--- Problem statement ---
Your task is to reproduce the listing exactly, without its images.

--- Data shown ---
---
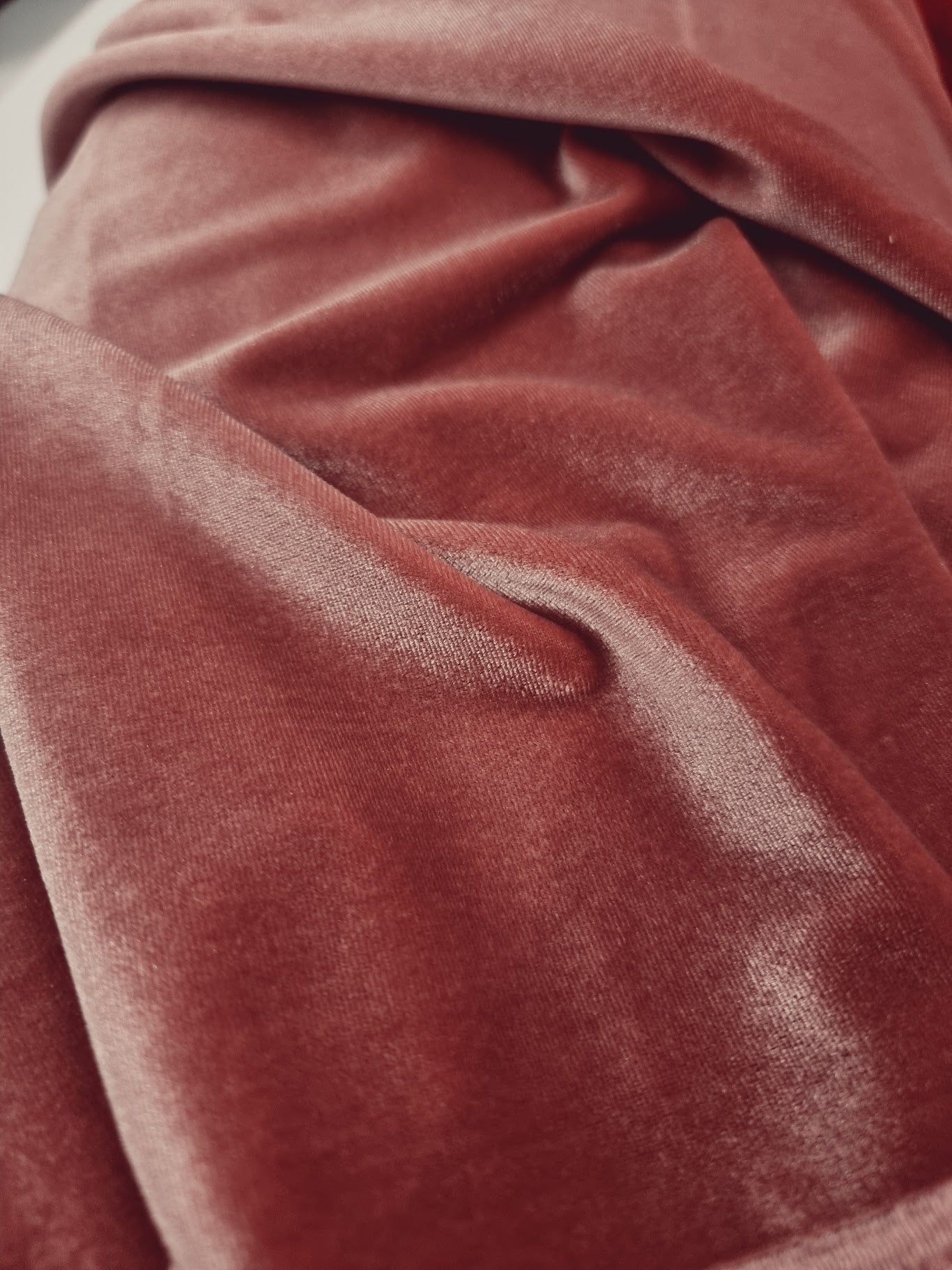 Velour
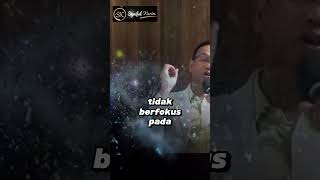 cinta yang luas #kesadaran #syaifulkarim #shortvideo  #motivasi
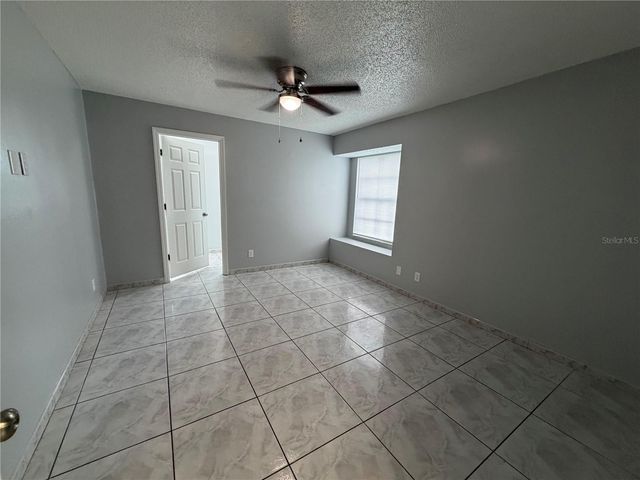 4126 GULFSTREAM BAY COURT, Orlando, FL 32822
---
--- Task result ---
 Velour
 cinta yang luas #kesadaran #syaifulkarim #shortvideo  #motivasi
 4126 GULFSTREAM BAY COURT, Orlando, FL 32822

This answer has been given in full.